Intel Core 2 Extreme QX9650 Review - Penyrn Architecture – Radix-16/Super Shuffle Review


Intel has created two new processors on the new 45nm process. Penryn, as I said earlier is an enhancement and refinement of the excellent Core architecture that powers current Core 2 Duos, while the other is Silverthorne, which is a low power CPU being aimed at the new Ultra Mobile PCs that should appear next year.

The desktop version of Penryn will be a native dual-core processor, known as Wolfdale. The quad-core variant, essentially two Wolfdales bolted together, is called Yorkfield. The Extreme model, a Yorkfield XE, with an unlocked multiplier, is being released on November 12th and is the processor we were sent for review. This is based on a 1,333MHz front-side bus, but we can expect faster clocked versions, based on a 1,600MHz front-side bus to appear later.

The 45nm die for the dual-core Wolfdale now sports 410 million transistors on a 107mm2 die, a 40 per cent increase over Conroe, which was 291 million transistors on a 143mm2 die. That’s the benefit of die shrinks – more in less.
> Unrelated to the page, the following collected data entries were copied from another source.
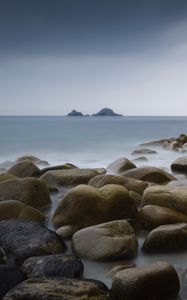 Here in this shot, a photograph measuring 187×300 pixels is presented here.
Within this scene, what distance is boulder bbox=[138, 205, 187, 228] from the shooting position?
431 centimetres

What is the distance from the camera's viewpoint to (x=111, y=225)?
13.0 feet

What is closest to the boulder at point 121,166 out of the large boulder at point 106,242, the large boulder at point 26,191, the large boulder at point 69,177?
the large boulder at point 69,177

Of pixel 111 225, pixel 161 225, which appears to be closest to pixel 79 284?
pixel 111 225

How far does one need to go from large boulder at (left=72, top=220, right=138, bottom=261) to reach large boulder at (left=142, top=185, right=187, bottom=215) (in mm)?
882

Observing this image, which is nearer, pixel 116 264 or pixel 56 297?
pixel 56 297

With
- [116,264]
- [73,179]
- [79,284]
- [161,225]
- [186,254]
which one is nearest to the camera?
[79,284]

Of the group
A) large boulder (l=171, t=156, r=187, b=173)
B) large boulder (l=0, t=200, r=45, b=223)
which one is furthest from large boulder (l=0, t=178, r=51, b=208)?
large boulder (l=171, t=156, r=187, b=173)

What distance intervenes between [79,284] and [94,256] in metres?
0.75

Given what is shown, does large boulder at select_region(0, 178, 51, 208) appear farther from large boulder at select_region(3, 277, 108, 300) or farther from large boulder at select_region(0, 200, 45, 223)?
large boulder at select_region(3, 277, 108, 300)

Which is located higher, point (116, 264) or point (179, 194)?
point (179, 194)

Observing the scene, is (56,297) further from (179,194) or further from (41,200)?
(41,200)

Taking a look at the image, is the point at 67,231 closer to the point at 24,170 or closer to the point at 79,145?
the point at 24,170

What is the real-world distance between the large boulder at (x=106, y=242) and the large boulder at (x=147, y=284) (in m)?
0.64

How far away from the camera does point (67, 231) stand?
4.36 meters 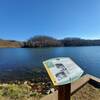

While it may not be a new architecture, there are several key areas where Penryn improves on Conroe and we’ll now take a look at them in turn.

”’Radix-16 Divider”’

The first improvements we’re getting to is the one that sounds like a washing powder. Radix-16 Divider. Simple Dynamic Execution refers to a dealing with instructions in as efficient a way as possible. There are a number of techniques to do this – data flow analysis, speculative execution, out of order execution, and super scalar architecture, all of which were first introduced with the great Pentium Pro, back in 1995. The Core architecture improved on this with Wide Dynamic Execution, which increased the number of instructions clocks per it could deal with.

One aspect of the Wide Dynamic Execution that’s improved is how it deals with Radix computations – an algorithm that commonly used, especially in gaming. Previously this was a Radix-4 divider, working on two bits of data per iteration. Penryn though, has a Radix-16 divider enabling it to work on four bits of data per iteration, exactly doubling performance of this function. The best bit is that it requires no extra coding or new software – it just works.

”’Super Shuffle Engine”’

The SSE instructions that have been present in Intel processors since Pentium III, require a lot of operations on the data. This can now be done in a single clock cycle as the engine is now 128-bits wide, matching the length of SSE instructions – double that of Conroe.